I’m guessing many of you reading this post know someone who is a workaholic. They are easily identifiable by the long hours spent at work, the vacations that are few and far between, the weekend trips to the office, and the full schedule maintained even during those (few) moments they aren’t working. They are non-stop! Maybe the workaholic is you. Have you ever said, “So much to do, so little time”? Every day starts with a burst of caffeine, the rest of the day you push yourself to keep pace, and as the day finishes, you round third base and powerslide on home (always just barely in time).
The crowds go wild and you feel exhilarated. You did it! Yet again you survived a very “productive” day. There’s not much time to celebrate though; there’s still tons you can do to get a head start on tomorrow. Maybe if you hurry enough, you can accomplish even more than the day before *double fist pump*. Tired? That’s ok. At 11pm you’ll get a second wind anyway!
The workaholic and adrenaline junkie have a lot in common. Both are hooked on the “high” adrenaline gives. Both are addicted in a way to stress, or at least the surge of adrenaline it causes. Dr. Archibald D. Hart says in his book The Hidden Link Between Adrenaline and Stress, “We learn to ‘psych’ ourselves up to a high level of excitement just to feel good. And the danger is that we become dependent on the body’s emergency system to carry out our normal, everyday activities” (Pg. 83).

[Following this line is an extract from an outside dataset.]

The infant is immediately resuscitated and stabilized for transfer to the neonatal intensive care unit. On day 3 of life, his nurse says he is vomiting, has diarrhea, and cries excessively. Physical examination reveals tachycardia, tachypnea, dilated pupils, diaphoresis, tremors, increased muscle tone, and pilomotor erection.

The problem with this is that living in high gear was only designed for short-term emergencies and crisis, not for prolonged periods of time. If left unchecked, high adrenaline production can cause all kinds of serious damage to the body (high blood pressure, insulin resistance, strokes, digestive problems and heart attacks) and even death. Adrenaline dependence can also lead to adrenal fatigue and adrenal exhaustion. Dr. Hart explains that “stress causes the adrenal cortex or outer layer of the adrenal gland to become enlarged, important lymph nodes to shrink, and the stomach and intestines to become irritated. The adrenal system eventually ‘crashes’ and forces the victim into a state of prolonged and severe fatigue” (Pg. 87). It’s as serious as it sounds, folks!
I was a workaholic, and I learned the hard way what prolonged stress can do to your body. For years I lived off the highs that come with a fast-paced and exciting life. I pushed myself to accomplish each day’s work and more. Though the work was noble, my attitude about my time and energy was naive. Only now after the “crash” do I see how less could have been more. Yes, there is so much to do, but God has given me only a little time.

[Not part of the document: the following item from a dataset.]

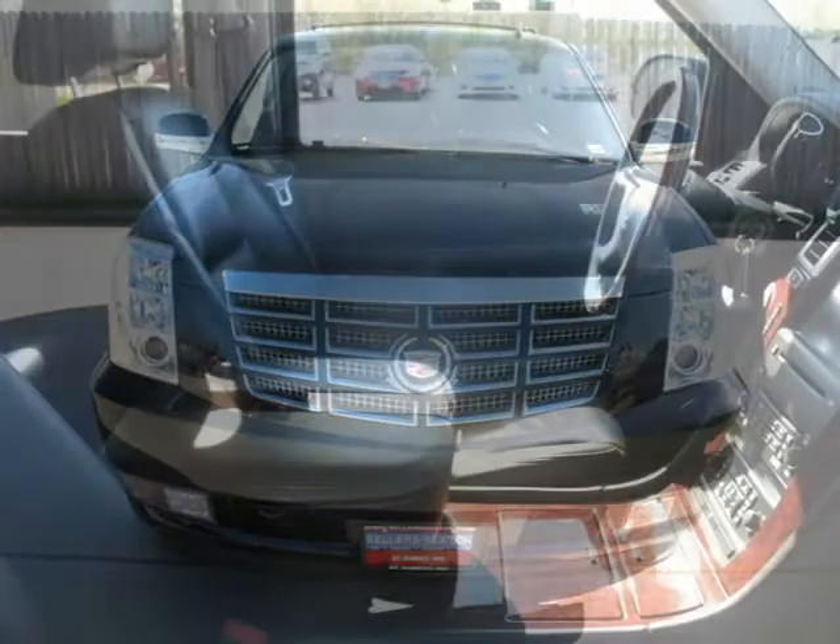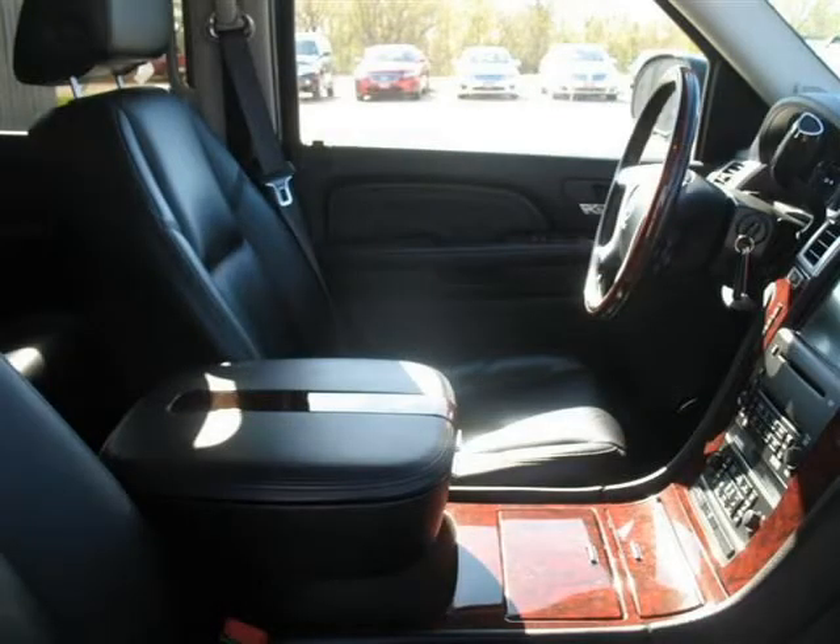This 4-door Utility 4WD has a beautiful black exterior paint color, which is complemented by an interior color.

My encouragement to you is to slow down, and if you are already crashing, take a break. Your body is in overdrive and breaking down. By now you’ve probably already had concerned family and friends notice your health choices and some have even warned you, but it’s hard to stop, right? I get it. There may be a lot you’ll have to give up. You may be afraid of boredom or losing out in life. To make matters worse, there are adrenaline withdrawal symptoms to overcome. Common symptoms may include:
- A strong compulsion to be ‘doing something’ while at home or on vacation
- an obsession with thoughts about what remains undone
- a feeling of vague guilt while resting
- fidgeting, restlessness, pacing, leg kicking or fast gum chewing, and inability to concentrate for very long on any relaxing activity, feelings of irritability and aggravation
- a vague (or sometimes profound) feeling of depression whenever you stop an activity (Adrenaline and Stress, Pg. 86).

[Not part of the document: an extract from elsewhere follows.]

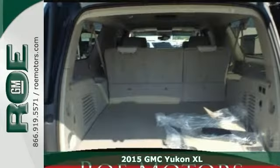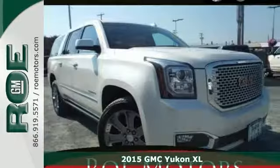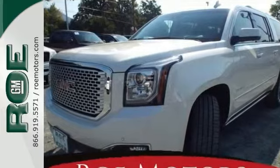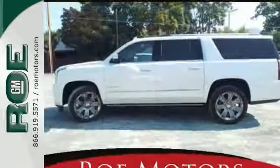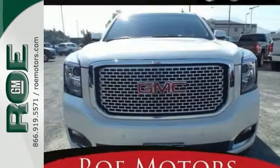Here's a 2015 GMC Yukon XL Denali. This sophisticated, family-friendly Yukon is designed for performance with luxurious style and comfort to spare. It features a blind spot sensor, a Bose surround sound system, the driver alert package, heated seats, dual zone climate control, and more.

Anyone living off adrenaline (which is a lot of people!) may experience these symptoms daily. Whenever things slow down, we get antsy. Though taking it down a notch may be challenging, it’s so important to lower this hormone’s production while you are still healthy. Take it from me: You don’t want your body to lower it for you!
It gets easier, though. Calming down may take a while, but it is so worth it! Let me know if you have any questions about adrenaline dependence, fatigue or exhaustion, and for sure let me know if you’re ready to make some life changes!
If you’re interested in digging deeper into stress damage and how to recover, I highly recommend reading The Hidden Link Between Adrenaline and Stress: The Exciting New Breakthrough That Helps You Overcome Stress Damage by Archibald D. Hart.